Programming language is really like a language, and you will get better with practice. It is good to think about good programming style and better way to do the same thing. By better, I mean more readable, concise, efficient (computationally), etc.

For example, there are guides and articles such as these:
- http://docs.python-guide.org/en/latest/writing/style/#short-ways-to-manipulate-lists
- https://google.github.io/styleguide/pyguide.html?showone=List_Comprehensions#List_Comprehensions
- https://google.github.io/styleguide/pyguide.html?showone=Naming#Naming
- https://www.python.org/dev/peps/pep-0008/

In [None]:
import this

Above easter egg is from Zen of Python: https://www.python.org/dev/peps/pep-0020/. 

- https://www.quora.com/What-do-different-aphorisms-in-The-Zen-of-Python-mean 
- 20th aphorism?:https://www.reddit.com/r/Python/comments/3cjhlo/this_disobeys_the_zen_of_python/

# Pandas

Pandas has an extensive set of functions. Refer to [Chapter 3 in PDSH](https://jakevdp.github.io/PythonDataScienceHandbook/03.00-introduction-to-pandas.html) and the [official website](https://pandas.pydata.org). Latest stable release documentation is here: [http://pandas.pydata.org/pandas-docs/stable/api.html](http://pandas.pydata.org/pandas-docs/stable/api.html).

## Pandas Series 

The section on `Series` is here: http://pandas.pydata.org/pandas-docs/stable/api.html#series. These are available by placing a dot after the object.

### Data frames are made of Series
Pandas data frames are different objects:

In [None]:
print("data frame object :", type(teams))
print("data row object   :", type(teams.iloc[0]))
print("data column object:", type(teams.ABBREVIATION))

Note that rows as well as columns of pandas data frame are `Series` objects. (In R, rows would be a smaller data frame.)
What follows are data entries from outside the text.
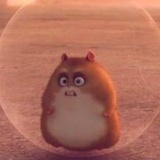 小布丁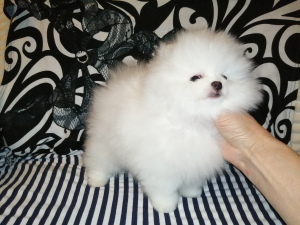 Photo №2 to announcement № 4577 for the sale of non-pedigree dogs - buy in Russian Federation from nursery
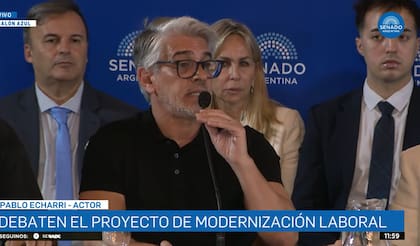 Pablo Echarri expuso en el Senado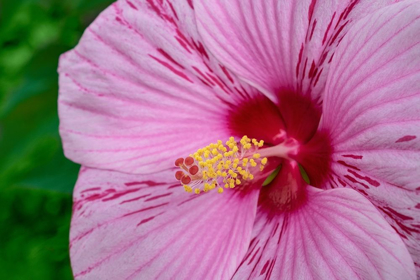 Picture of SWAMP ROSE MALLOW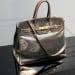 The Birkin bag was sold for a record 10 million dollars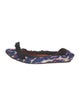 Lanvin Printed Bow Accents Ballet Flats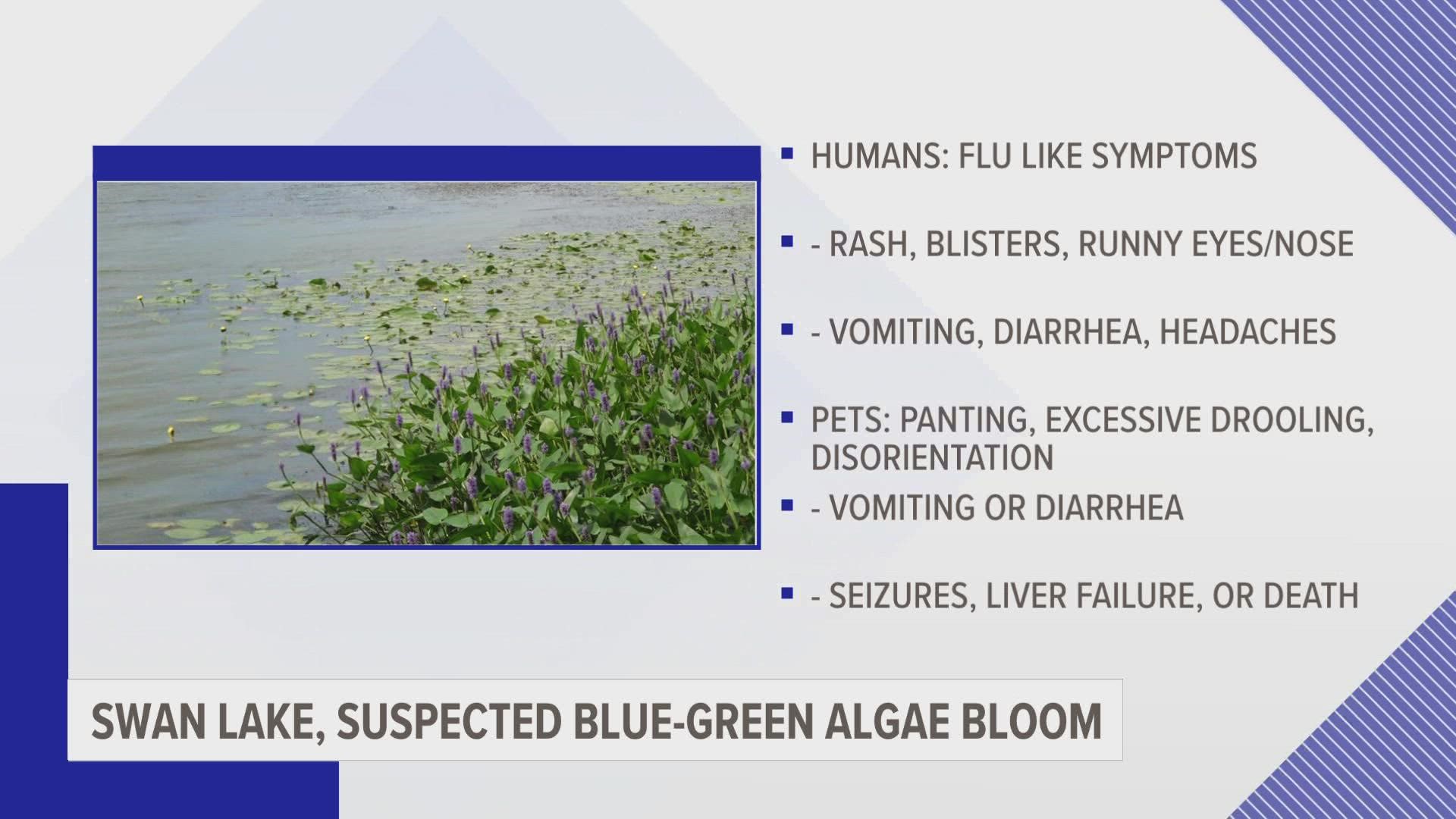 Blue-Green Algae can be dangerous to both you and your pets. Meteorologist Michael Behrens has a look at the potential symptoms.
There are categories of functions that are applicable to certain object types:

- Pandas general functions: http://pandas.pydata.org/pandas-docs/stable/api.html#general-functions   
    e.g., [`pandas.melt()`](http://pandas.pydata.org/pandas-docs/stable/generated/pandas.melt.html#pandas-melt) take `DataFrame` as input. 
- Series methods: http://pandas.pydata.org/pandas-docs/stable/api.html#series
- DataFrame methods: http://pandas.pydata.org/pandas-docs/stable/api.html#dataframe

### Pandas (often) shows you views

Recall that python objects are often _views_ of the same instance in memory space. Following says these are the same objects in memory:

In [None]:
temp = teams
print(id(temp) == id(teams))

So, if you change one, you see the change in the other:

In [None]:
s1 = pd.Series([0.25, 0.5, 0.75, 1.0], index=['a', 'b', 'c', 'd'])
s2 = s1
print("id of s1:", id(s1))
print("id of s2:", id(s2))
print("s1 is s2:", s1 is s2)

In [None]:
s1[0] = 10000

print("s1 changed:", s1[0])
print("s2 also   :", s2[0])
#print("s1 is s2:", s1[0] is s2[0])

Needs to be copied in order to make an independent variable.

In [None]:
abbr = teams.ABBREVIATION.copy()
abbr is teams.ABBREVIATION

### Indexing

There are many different ways to index `Series` and `DataFrames` in pandas: https://pandas.pydata.org/pandas-docs/stable/indexing.html#different-choices-for-indexing.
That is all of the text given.